You first calculate gear ratio, which is the number of front teeth divided by the number of rear teeth, then multiply that by wheel diameter. (Look up actual tire diameter on Sheldon Brown's web site, since rim "diameter" doesn't really measure anything.)
(Or there are no doubt several web sites that will do all this for you.)
To calculate gear inches for an internal geared hub you'd start with the fact that the vast majority of such hubs have their "fastest" gear be a "lock-up" where the wheel turns once for each turn of the sprocket. Then you calculate gear inches for that. If you then have the ratios of the other gears you can multiply/divide (as appropriate for the presentation of the ratios) to get gear inches for the other gears.
Whilst this doesn't expand further on the answers already given another site probably worth noting as it covers all of your examples with addition of direct comparisons, it's also very easy to understand is:
Unless you consider the crankarm length (which usually is NOT done for the sake of simplicity), you have one (or two, in the case of gear hubs) "multipliers" to get the ratio of speed (and torque) between the crank and the wheel, and one final conversion between angular speed and forward speed. That would either allow you to calculate forward speed for a given RPM, which is one of the best parameters to judge how a given gears "feels" on any bike.

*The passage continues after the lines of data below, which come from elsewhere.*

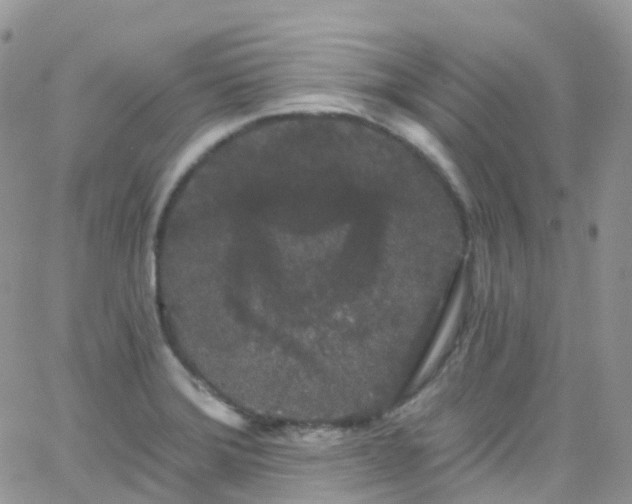 X0000066091372200603171045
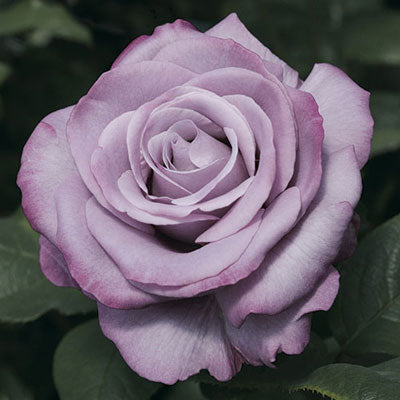 ROSE NEPTUNE HYBRID TEA ROSE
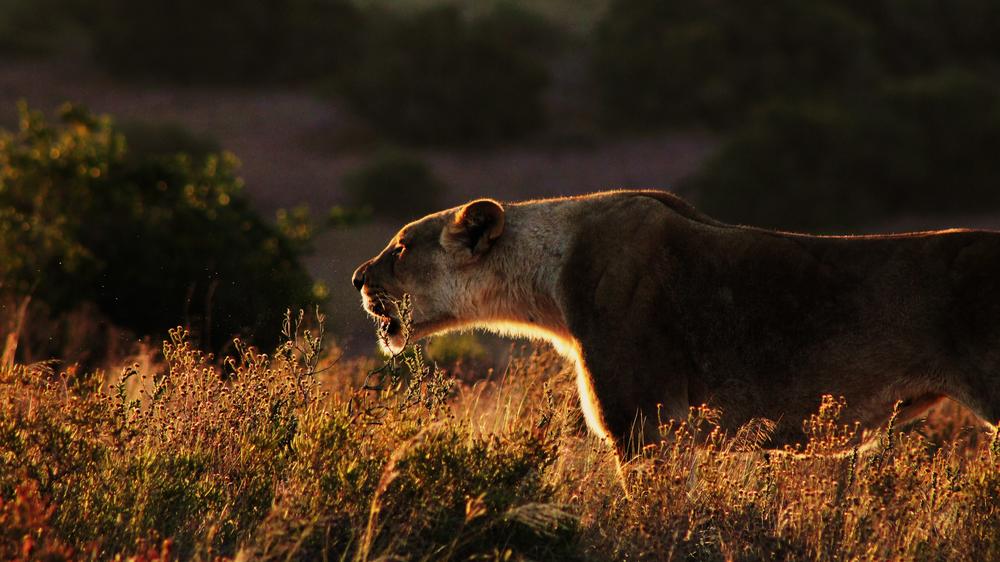 Amakhala HillsNek Safari Camp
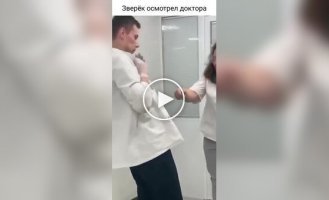 Ласка провела огляд ветеринара перед початком процедур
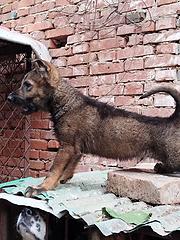 昆明犬狼青品系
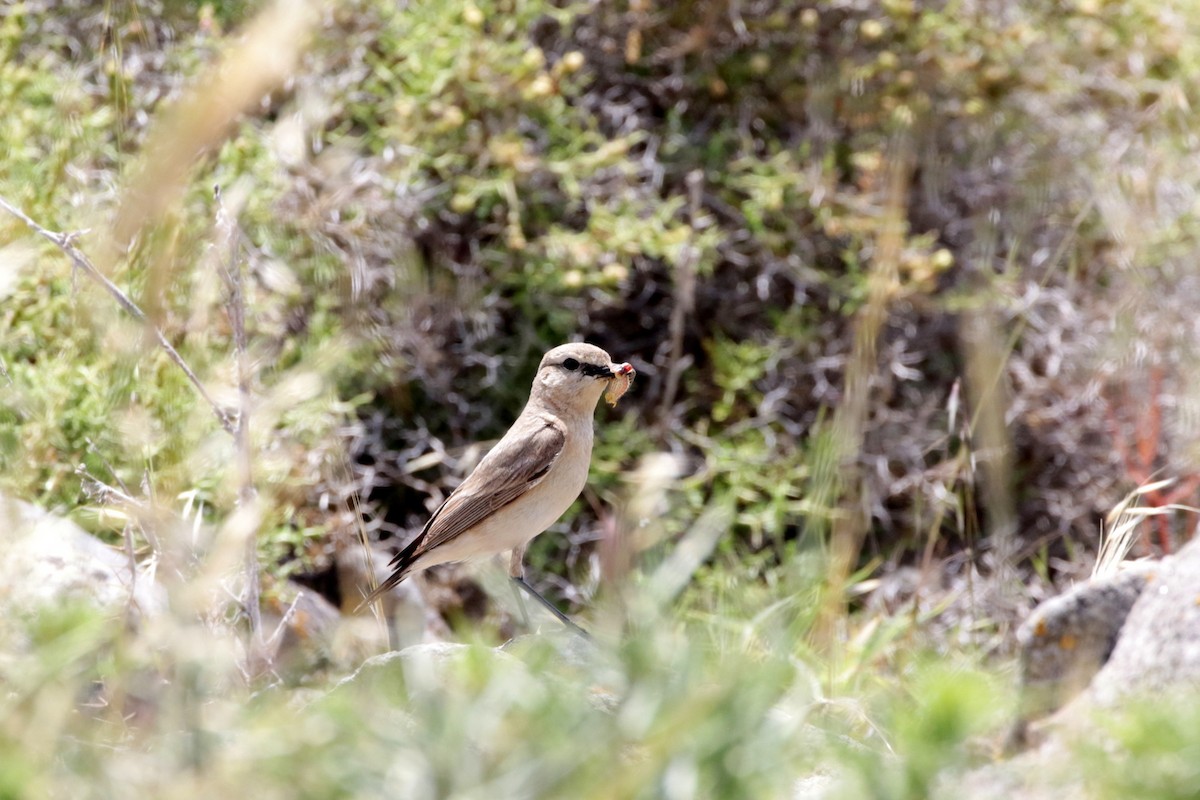 Isabelline Wheatear - ML618809660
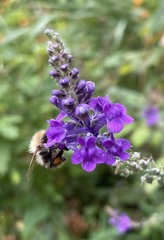 Bombus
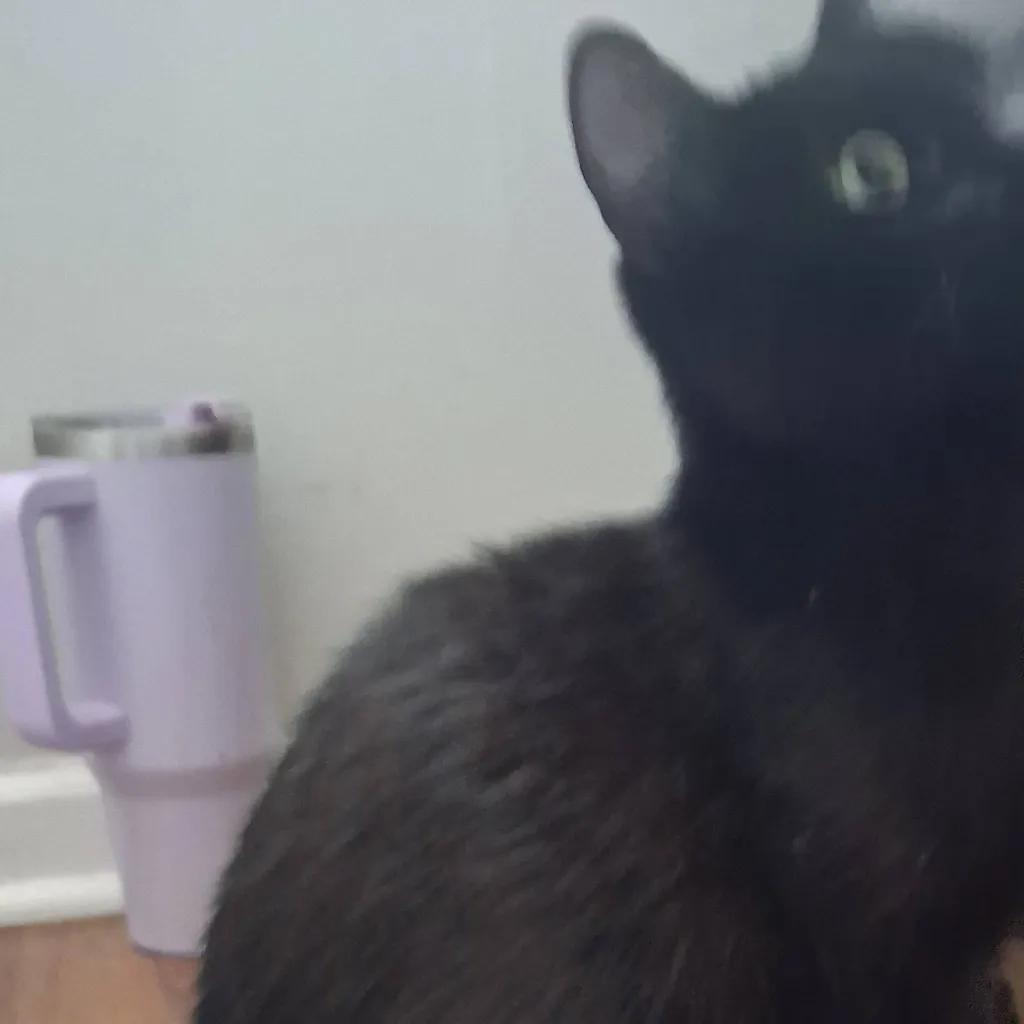 chat with ai character: cat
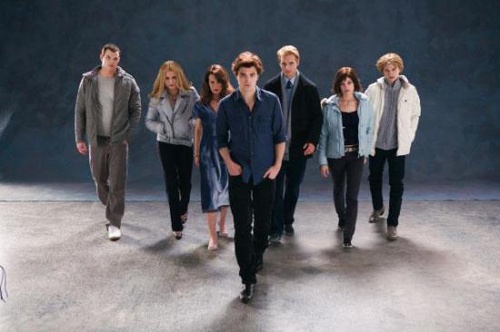 image 2 - Twilight - Chapitre 1 : Fascination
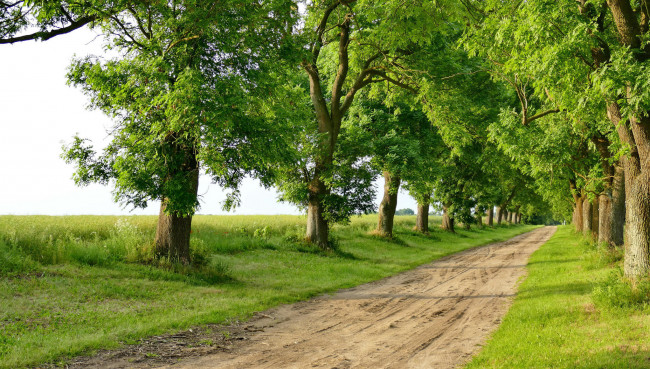 Обои картинки фото природа, дороги, дорога, деревья
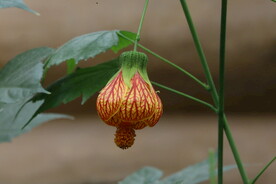 风铃花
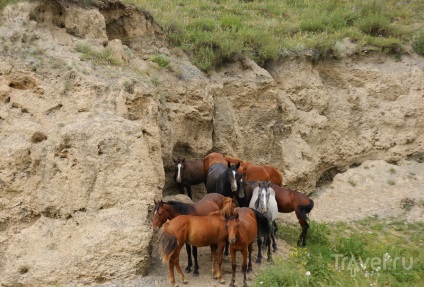 În Altai cu mașina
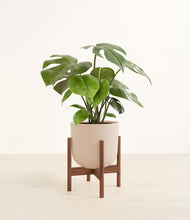 Load image into Gallery viewer, Sandy Pink stand:walnut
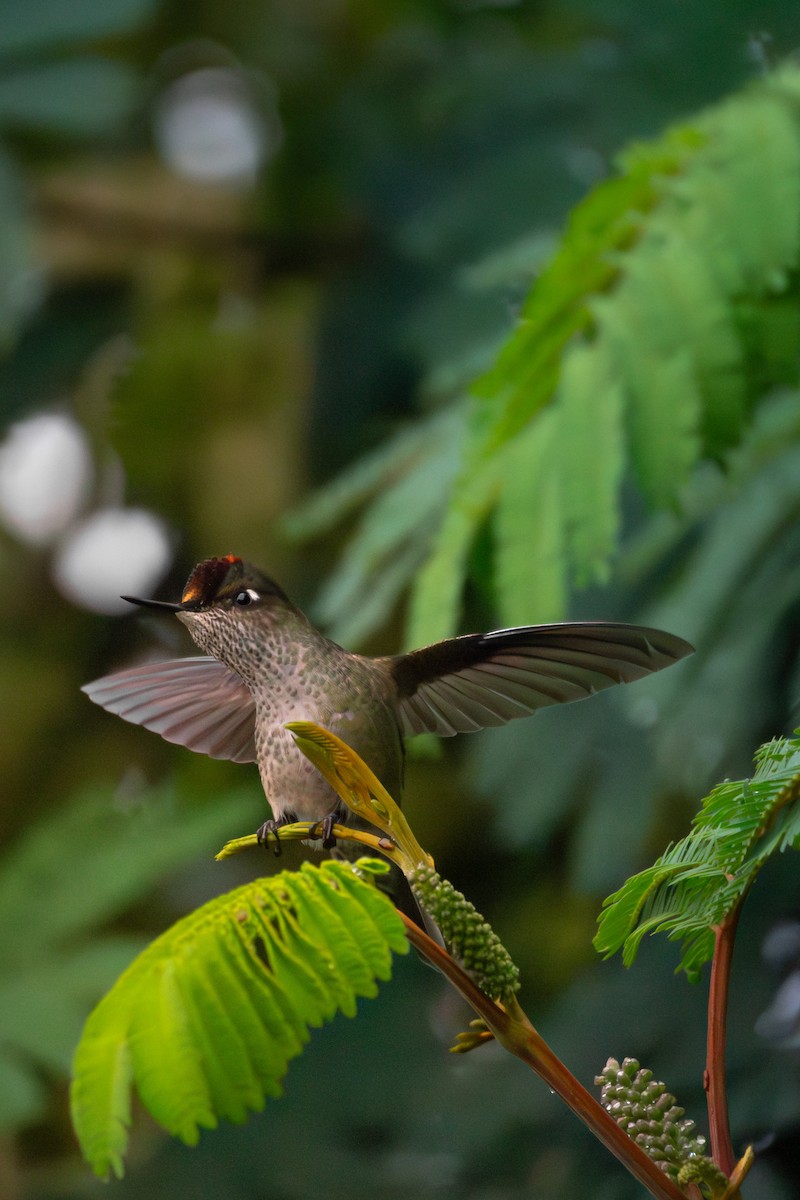 kolibřík chilský - ML620103515
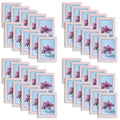 5x7 Picture Frames Pink (40 Pcs Per Box)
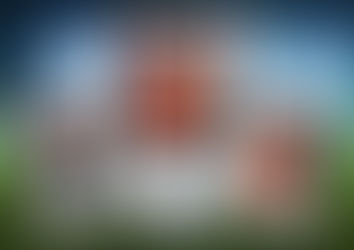 Darko Siminiceanu, reșițeanul care apără poarta celor de la FC Eindhoven!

First you have to calculate the gear ratio between chainring and cog. As an example from one of my bikes, if you have a 46t chainring and a 16t cog, dividing 46 by 16 gives you 2.875 which is a first multiplier.
Then, if I am in the 6th gear of my hub, the table from the manufacturer says it gives me a 0.528 REDUCTION ratio.
So, for every crank turn I have 2.875 times 0.528 = 1.518 wheel turns. If I know that my wheel has a circumference of 2.115 meters, then for each crank turn I'll go 3.21 meters forward.
Now if I take any other similar sized and similar weight bike and ride any other combination which gives me 3.21 meters per crank revolution, these gears most probably will feel very similar, and both bikes could be ridden side by side with the same cadence, even if one bike had a 20 inch wheel (that would mean the gear and hub ratio would have to be higher to compensate.
Although it is possible to calculate wheel circumference from wheel radius (radius * 2 * PI), the best way is to measure - with a tape - the actual distance travelled by the bike as you push it forward until the tire gives a whole turn.
Hope this helps!